### Your goal
Once you find the line below that contains "Dunnmall Chic Plain Tank Top", write it out along with every later line exactly as given, stopping only when the records end. Omit the pictures.

[Caption-style text data]

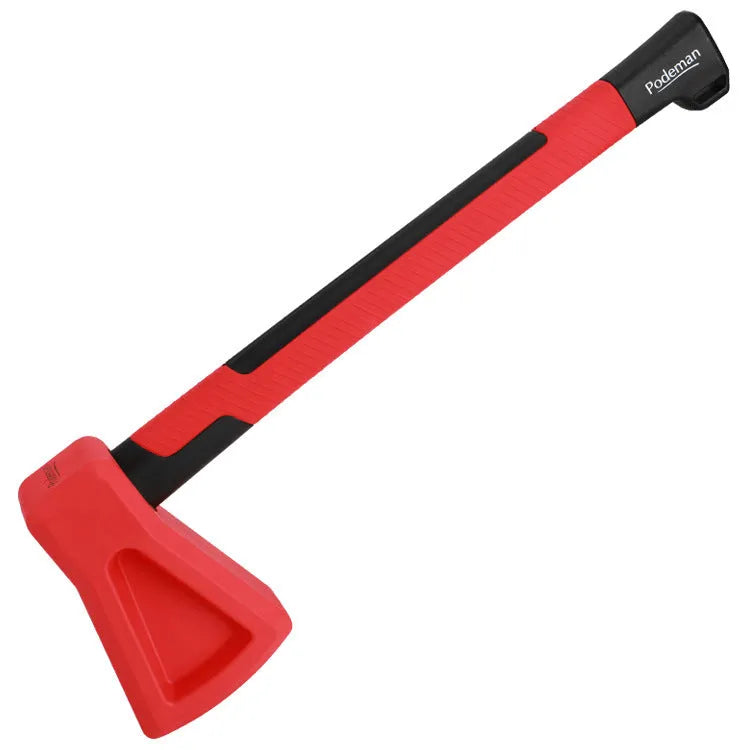 Red plastic fitness axe muscle trainer equipment for home gym strength training
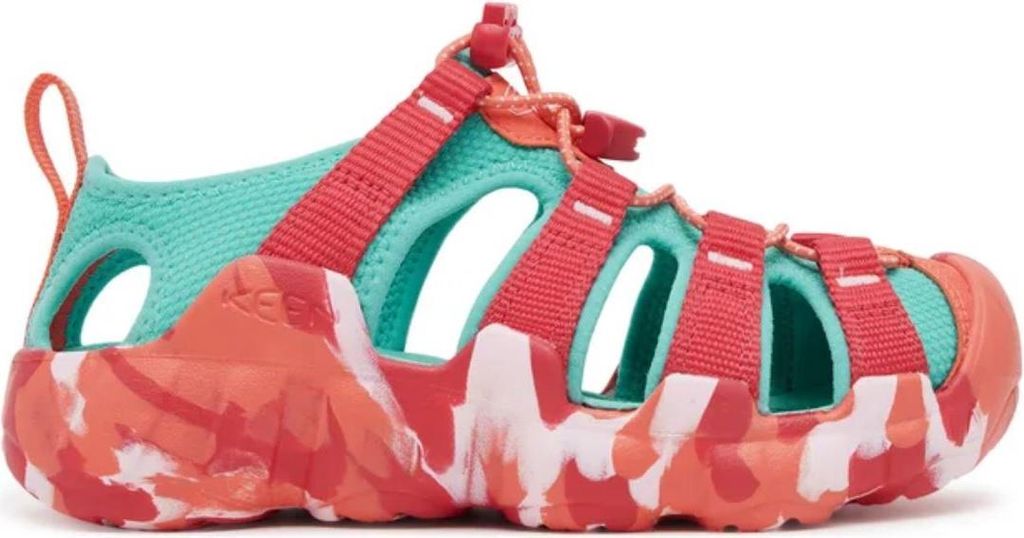 Kinderschuhe keen jr hyperport h2 himbeere/pool blau rosa 25-26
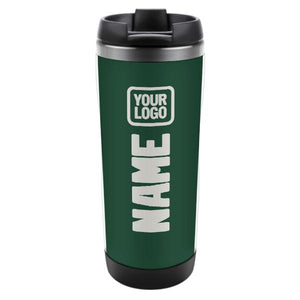 Custom Green White Stainless Steel Water Cup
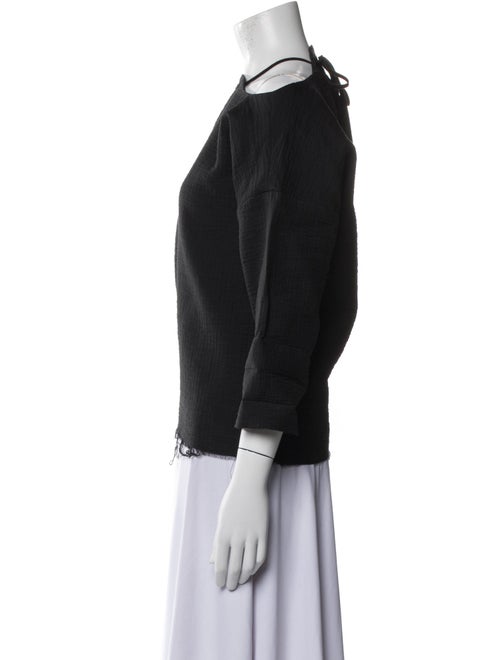 Rachel Comey Mock Neck Three-Quarter Sleeve Sweatshirt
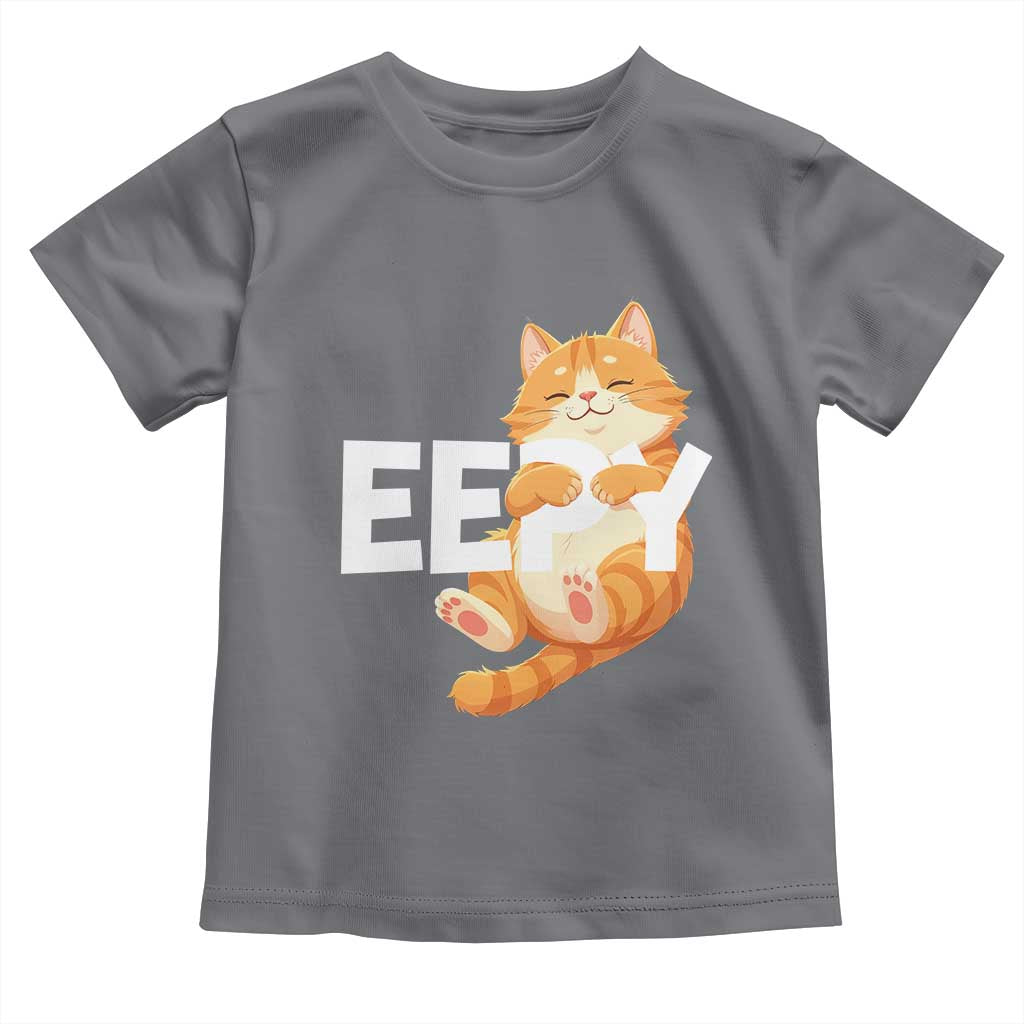 Funny Cat Meme Toddler T Shirt Eepy Cat Silly Sleepy Cat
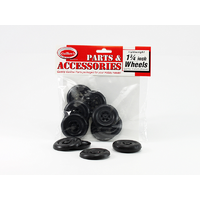 Guillows 1.75inch Half Plastic Wheels 4pair GUI-115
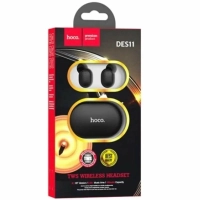 Наушники беспроводные bluetooth hoco DES11, TWS черные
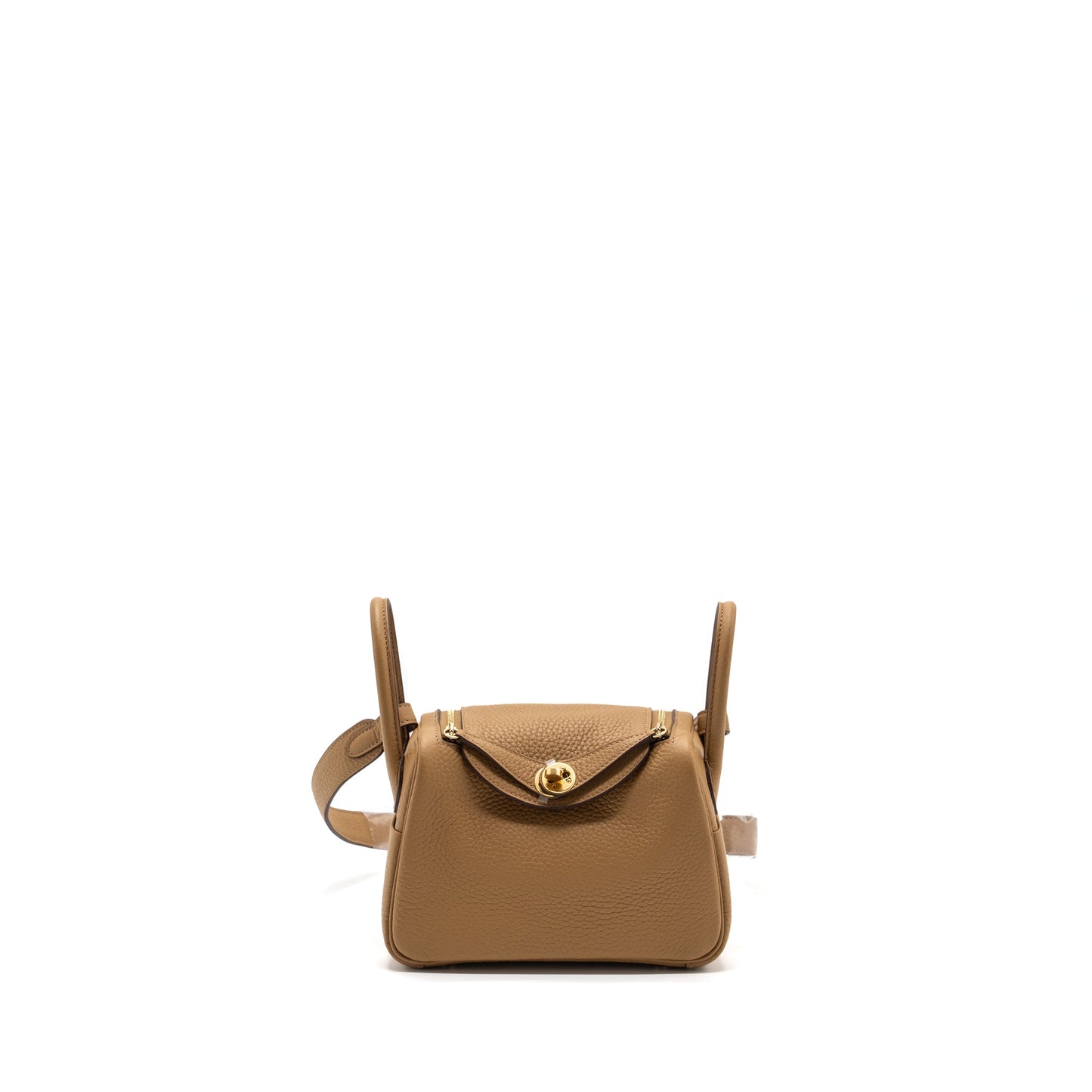 Hermes Mini Lindy Clemence Biscuit GHW Stamp B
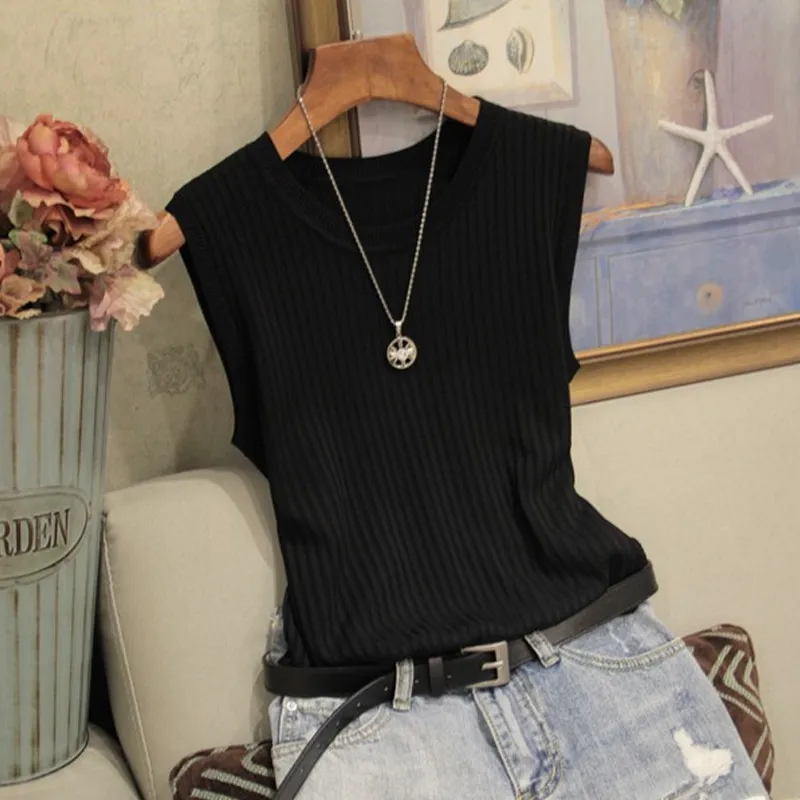 Dunnmall Chic Plain Tank Top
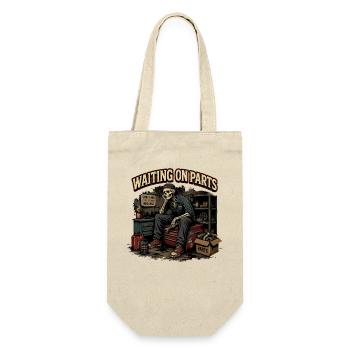 Mécanicien Humour Squelette Garage Cadeau - Sac à bouteille - nature - Devant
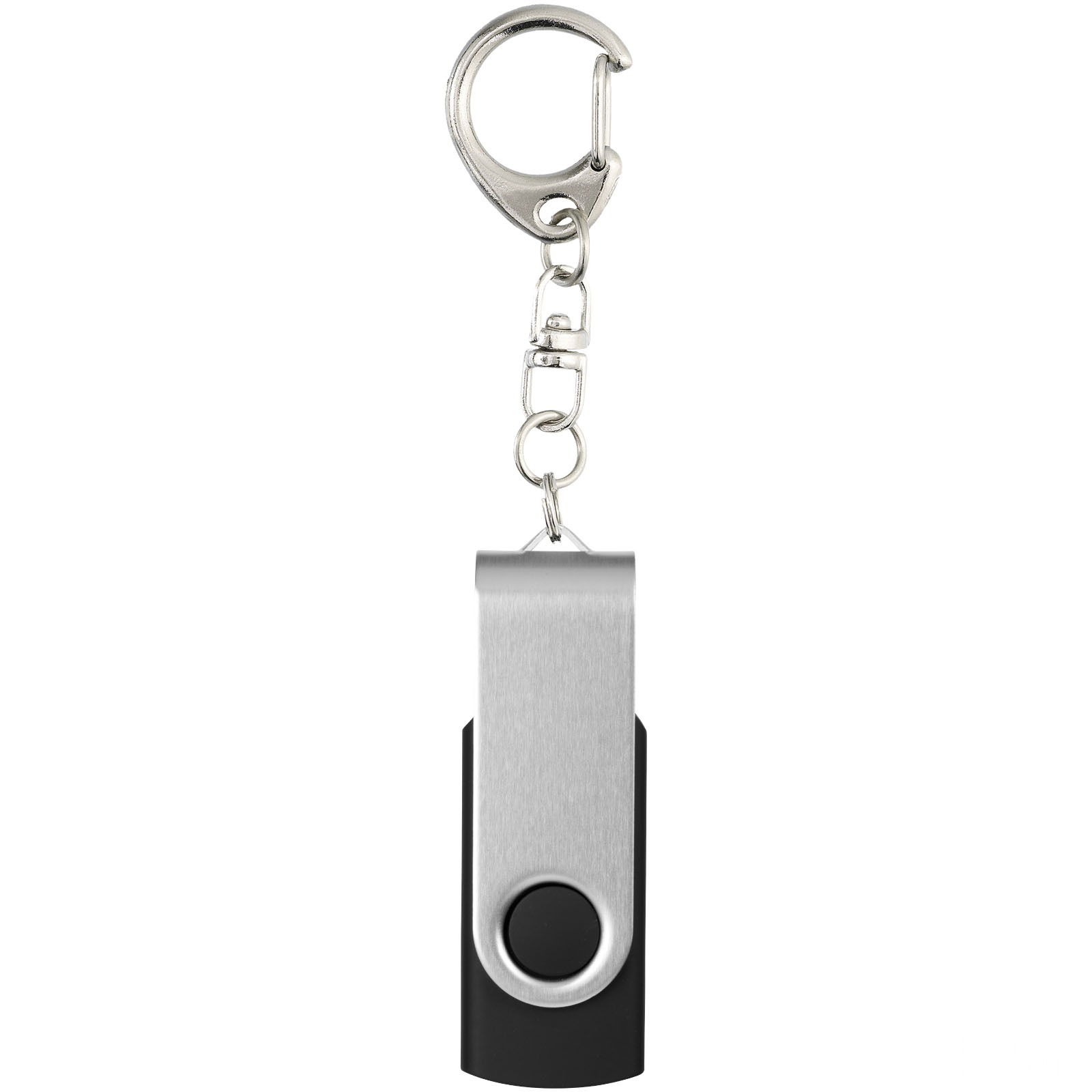 Rotate USB flash drive with key ring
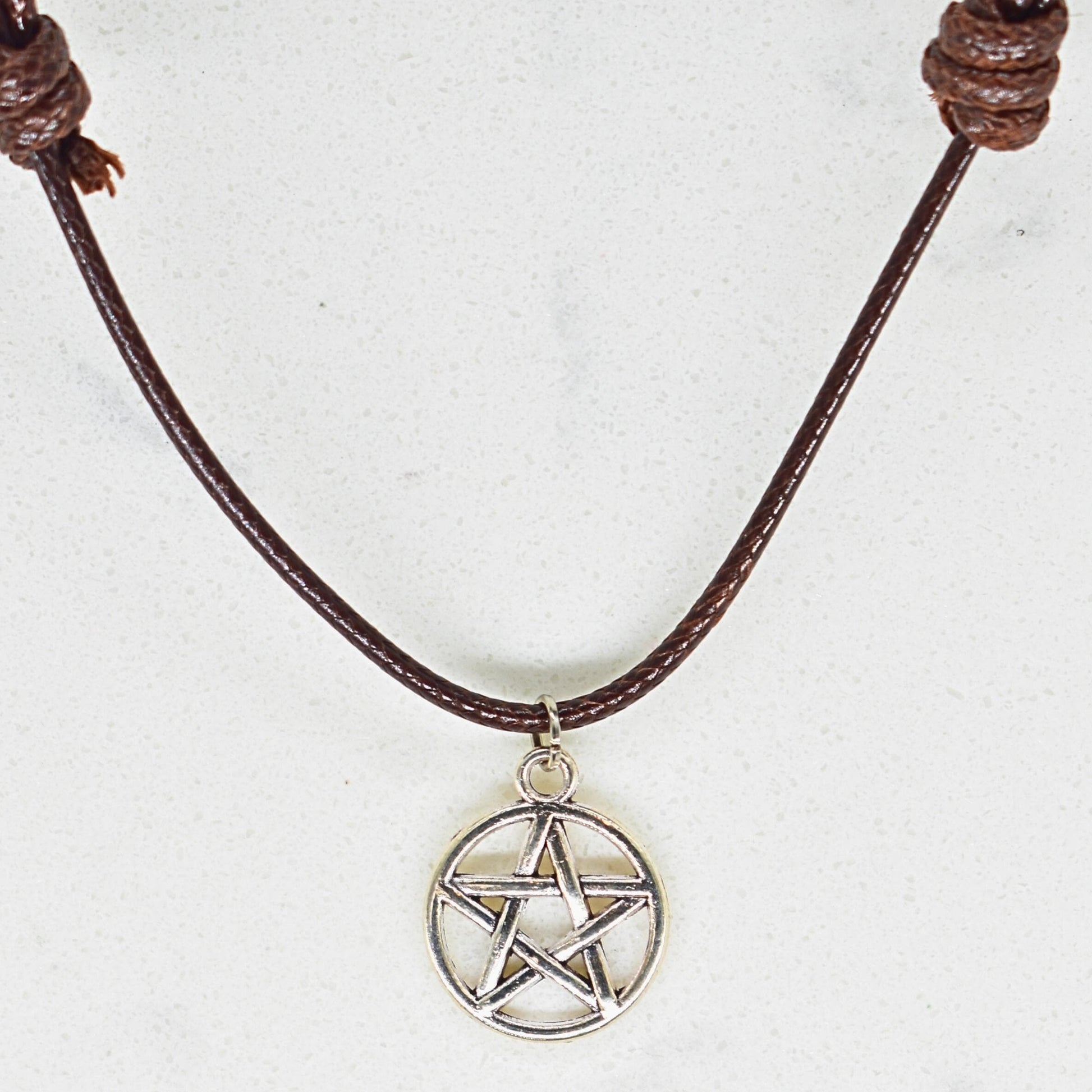Pentagram Brown Cord Bracelet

### Completed exercise
 Dunnmall Chic Plain Tank Top
 Mécanicien Humour Squelette Garage Cadeau - Sac à bouteille - nature - Devant
 Rotate USB flash drive with key ring
Pentagram Brown Cord Bracelet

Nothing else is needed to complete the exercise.